Developer notes#

As mentioned elsewhere: ideally, we would use dask directly, as it supports all of the desired operations and provides a NumPy-compatible interface. We could then reach into the .dask attribute to recover the HighLevelGraph and parse it to determine the sequence of delayed operations. This would save us the trouble of writing the DelayedArray classes.

Unfortunately, parsing the call graph exposes BiocPy packages to dask internals like the task specification. While this is not too complicated (usually), it’s a risk that could cause our packages to break with different versions of dask. Indeed, from their own documentation:

Working directly with dask graphs is rare, though, unless you intend to develop new modules with Dask. Even then, dask.delayed is often a better choice. If you are a core developer, then you should start here.

… which does not give me confidence that third-party developers parsing the call graph will be a priority for the dask team when they’re thinking about backwards compatibility. That’s fair enough.

Similarly, the deeper parts of the task specification are not well-documented. For example, each task is represented by a callable object, but these are dask-internal objects that do not have clear descriptions of their attributes. We need to do some further digging to actually get the function involved (log2); who knows what the __dask_blockwise__0 means.

import numpy
import dask.array as da
X = da.from_array(numpy.random.rand(100, 20))
Y = numpy.log2(X)

# Finding the log2 step:
steps = list(Y.dask.get_all_external_keys())
key = None
for x in steps:
    if x[0].startswith("log2-"):
        key = x

key
## ('log2-3999c8c7866c0ec86d68c8ed4da7d784', 0, 0)

# Retrieving the callable:
logstep = Y.dask[key]
logstep[0]
## subgraph_callable-38677753-1f25-4846-ac5c-0fd63671121f

# Actually unpacking the callable:
logstep[0].dsk
{'log2-3999c8c7866c0ec86d68c8ed4da7d784': (<ufunc 'log2'>, '__dask_blockwise__0')}

Also, there are occasions when the dask does something magical to the call graph, usually when we’re operating on multiple arrays. In the example below, the all_sums array is silently split and distributed to the two submatrices (i.e., the rechunk-* operations) when it is used to divide the combined matrix. This is transparent to end users but surprising for developers who expect to recover the same sequence of delayed operations that they put in.

import numpy
import dask.array as da
X = da.from_array(numpy.random.rand(100, 20))
Y = da.from_array(numpy.random.rand(100, 20))
combined = numpy.concatenate((X, Y), axis=1)
all_sums = combined.sum(axis=0).compute()
normalized = combined / all_sums

for x in normalized.dask.keys():
    print(x)
## ('truediv-78719db305246fd474d0136dd804a738', 0, 0)
## ('truediv-78719db305246fd474d0136dd804a738', 0, 1)
## ('concatenate-fea8d498137cb283a1ccd462d1f978aa', 0, 0)
## ('concatenate-fea8d498137cb283a1ccd462d1f978aa', 0, 1)
## ('array-eb5604e3cb2e184e5a2e5b6769b87871', 0, 0)
## ('array-81bcf7d160e27bf3266f48572db16a6e', 0, 0)
## ('array-1f6097f7707042f07edf65a6a9eb020e', 0)
## ('rechunk-merge-22938068fb344dacd51a37e23fefd574', 0)
## ('rechunk-merge-22938068fb344dacd51a37e23fefd574', 1)
## ('rechunk-split-22938068fb344dacd51a37e23fefd574', 0)
## ('rechunk-split-22938068fb344dacd51a37e23fefd574', 1)

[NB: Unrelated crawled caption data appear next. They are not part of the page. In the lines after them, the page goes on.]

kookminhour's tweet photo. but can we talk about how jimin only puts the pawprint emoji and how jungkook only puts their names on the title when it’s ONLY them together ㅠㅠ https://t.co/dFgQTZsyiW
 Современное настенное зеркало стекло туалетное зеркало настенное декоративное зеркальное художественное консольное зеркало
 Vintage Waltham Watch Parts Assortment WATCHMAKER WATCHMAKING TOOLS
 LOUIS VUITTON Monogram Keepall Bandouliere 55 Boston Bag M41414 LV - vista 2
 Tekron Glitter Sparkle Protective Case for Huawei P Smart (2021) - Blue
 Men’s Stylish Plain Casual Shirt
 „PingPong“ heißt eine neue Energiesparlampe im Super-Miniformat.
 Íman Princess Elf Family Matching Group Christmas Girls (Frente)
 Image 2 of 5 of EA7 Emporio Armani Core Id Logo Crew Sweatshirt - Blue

These experiences were the motivation for the DelayedArray package, which captures delayed operations in a much simpler format for robust BiocPy package development. And hey, at least we control the representation, so we can coordinate changes across the BiocPy suite of packages. Note that we still use dask to do some Python-level compute (e.g., sums, variances) via the NumPy interface; this should be fine as it’s more stable than the internals.